Di Gerald Murnane ignoravo l’esistenza. Poi ho letto che per scrittori del calibro di Coetze e Ben Lerner era scrittore oggetto di culto, che non metteva il naso fuori dallo stato australiano dove viveva, che i suoi libri non erano praticamente usciti dall’Australia e che, nonostante questo, era considerato un aspirante al Nobel per la letteratura.

Tutto questo, più il fatto che il suo libro più noto era edito in Italia da Safarà, piccola e quindi coraggiosa casa editrice, e una bella copertina che mi ha ricordato quelle stupende che Heiri Steiner disegnò per i tascabili Feltrinelli m’hanno invogliato alla lettura de “Le pianure”.

Una storia apparentemente piatta come le pianure che la circondano. Il cielo è “privo di ostacoli” e come mancano ostacoli non c’è alcun contesto. Tutto è vago: non c’è un tempo specifico, i personaggi non hanno nome ma sono “gli abitanti delle pianure”, una “giovane donna”, “i latifondisti” strani mecenati che finanziano progetti inconcludenti come quello del “regista” che si perde nel consultare un’immensa malinconica biblioteca alla ricerca d’una sceneggiatura per un film che non parte mai.
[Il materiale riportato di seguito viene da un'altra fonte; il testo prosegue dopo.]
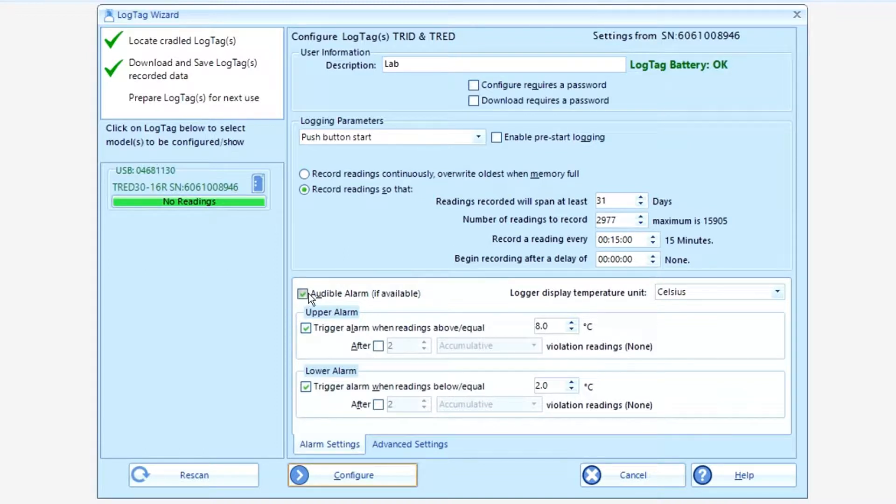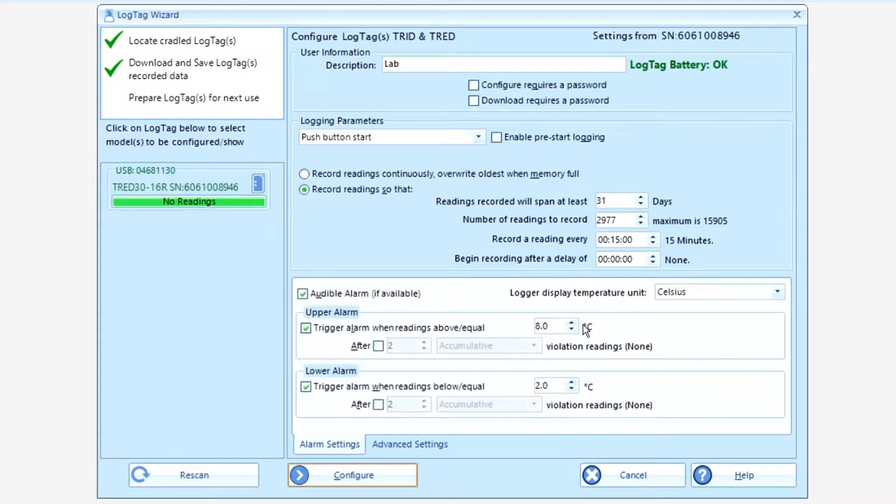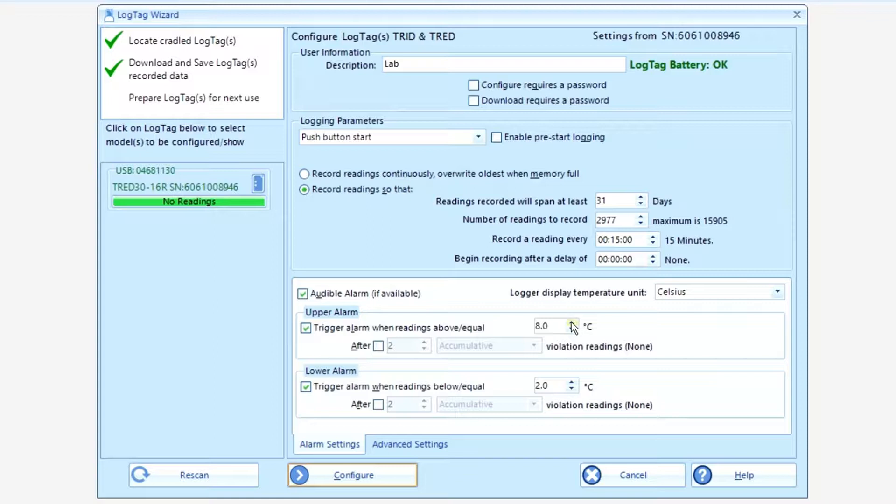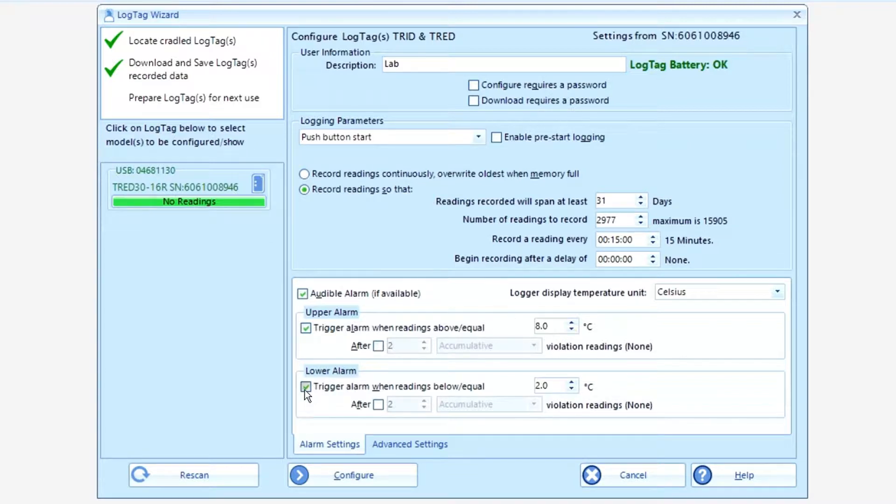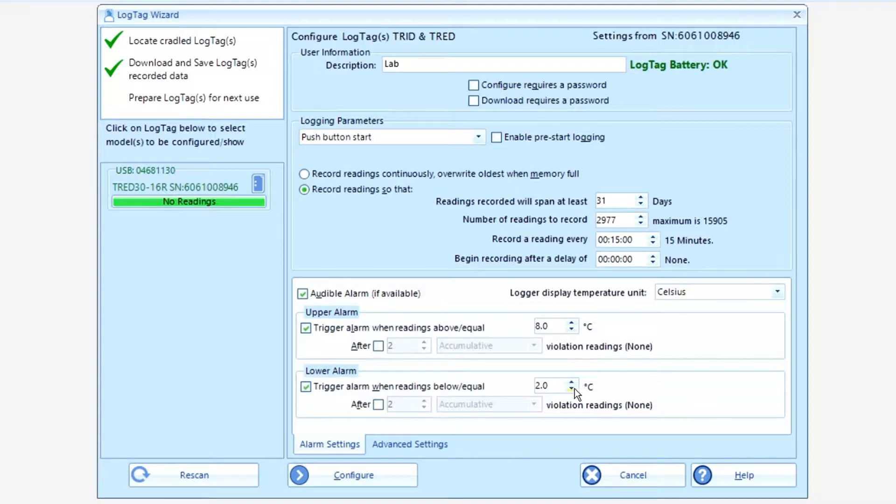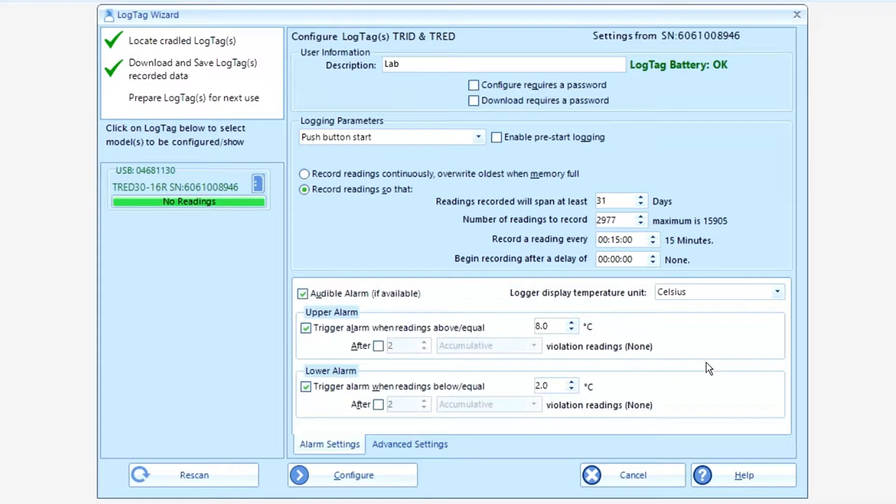In the lower section, you have audible alarm if available. We recommend ticking that. Trigger alarm when reading is above or equal to, in this case we have it set to eight degrees. That's the default for refrigerated vaccines. You can change the values by just ticking up or ticking down to whatever values you want. And the same for the lower. We'd also recommend having trigger alarm when readings are below or equal to. In this case, for vaccines, it's two degrees for most states. And that's your alarm triggering set points.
Poco più di cento pagine, avendo dopo poche di esse la sensazione che avrei chiuso “Le pianure” prima di finirlo mettendolo tra i libri inutili.

Invece restavo lì, attaccato a quelle pianure che pagina dopo pagina si trasformavano in un paesaggio interiore, un terreno misterioso e inesplicabile.

Un romanzo senza storia che diventa un poema. Pianure che diventano un mondo remoto. Una lettura che diventa un percorso interiore scrutabile solo quando, come farà il regista, si decide che distinguibile è solo il buio e “invisibile è solo ciò che è troppo illuminato”.